You are viewing a plain text version of this content. The canonical link for it is here.

Posted to users@spamassassin.apache.org by Daniel Cañas <da...@unity.ncsu.edu> on 2005/02/14 20:50:42 UTC

sa-learn ham from my emails

I have over 2000 emails that I have as ham and would like to feed to 
sa-learn..

The emails are all mine (that is they are addresed to me) is this a 
problem for sa-learn?

Will it learn the headers and mark my email address as a token for 
ham... causing bayes to not work correctly for my address?

I have legit spam that I want to learn but I am afraid to do it if I 
don't have corresponding number of ham.

I guess the question is:
Is feeding a bunch of emails addressed to a single person into sa-learn 
a good thing to do?

Re: sa-learn ham from my emails

Posted by Daniel Cañas <da...@unity.ncsu.edu>.

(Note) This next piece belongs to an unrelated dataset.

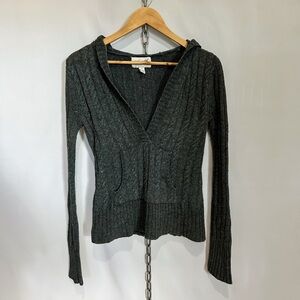 Y2K Aeropostale Dark Grey Hooded Sweater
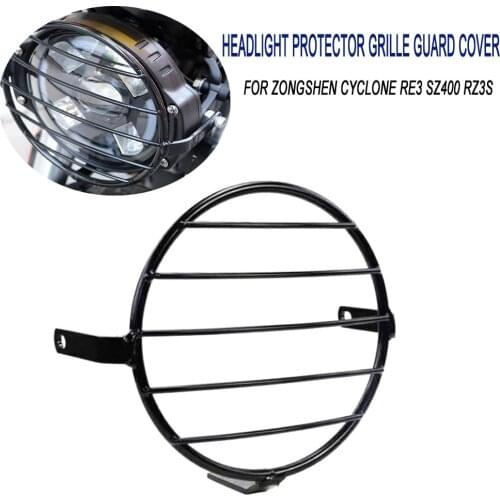 Motorcycle RE3 ZS400 RZ3S Headlight Protection Headlight Lampshade For ZongShen Cyclone RE 3 ZS 400 RZ 3S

On Feb 14, 2005, at 2:54 PM, Jim Maul wrote:

> Daniel Cañas wrote:
>> I have over 2000 emails that I have as ham and would like to feed to 
>> sa-learn..
>> The emails are all mine (that is they are addresed to me) is this a 
>> problem for sa-learn?
>> Will it learn the headers and mark my email address as a token for 
>> ham... causing bayes to not work correctly for my address?
>> I have legit spam that I want to learn but I am afraid to do it if I 
>> don't have corresponding number of ham.
>> I guess the question is:
>> Is feeding a bunch of emails addressed to a single person into 
>> sa-learn a good thing to do?
>
> I dont believe this to be an issue.  Not to mention that feeding the 
> same number of ham/spam is not necessary either.  Many people have 
> bayes databases with largely different spam/ham numbers.
>

cool.. Thanks...

> -Jim
>
>
>

Re: sa-learn ham from my emails

Posted by Jim Maul <jm...@elih.org>.

Daniel Cañas wrote:
> I have over 2000 emails that I have as ham and would like to feed to 
> sa-learn..
> 
> The emails are all mine (that is they are addresed to me) is this a 
> problem for sa-learn?
> 
> Will it learn the headers and mark my email address as a token for 
> ham... causing bayes to not work correctly for my address?
> 
> I have legit spam that I want to learn but I am afraid to do it if I 
> don't have corresponding number of ham.
> 
> I guess the question is:
> Is feeding a bunch of emails addressed to a single person into sa-learn 
> a good thing to do?

I dont believe this to be an issue.  Not to mention that feeding the 
same number of ham/spam is not necessary either.  Many people have bayes 
databases with largely different spam/ham numbers.

-Jim

Re: sa-learn ham from my emails

Posted by Thomas Arend <ml...@arend-whv.info>.

Am Montag, 14. Februar 2005 23:13 schrieb Daniel Cañas:
> On Feb 14, 2005, at 3:34 PM, Thomas Arend wrote:
> > Am Montag, 14. Februar 2005 20:50 schrieb Daniel Cañas:
> >> I have over 2000 emails that I have as ham and would like to feed to
> >> sa-learn..
> >
[..]

> >> I have legit spam that I want to learn but I am afraid to do it if I
> >> don't have corresponding number of ham.
> >
> > To my opinion and expirience this is bullshit.
>
> Cool.. this is good to know as I can collect tons of spam.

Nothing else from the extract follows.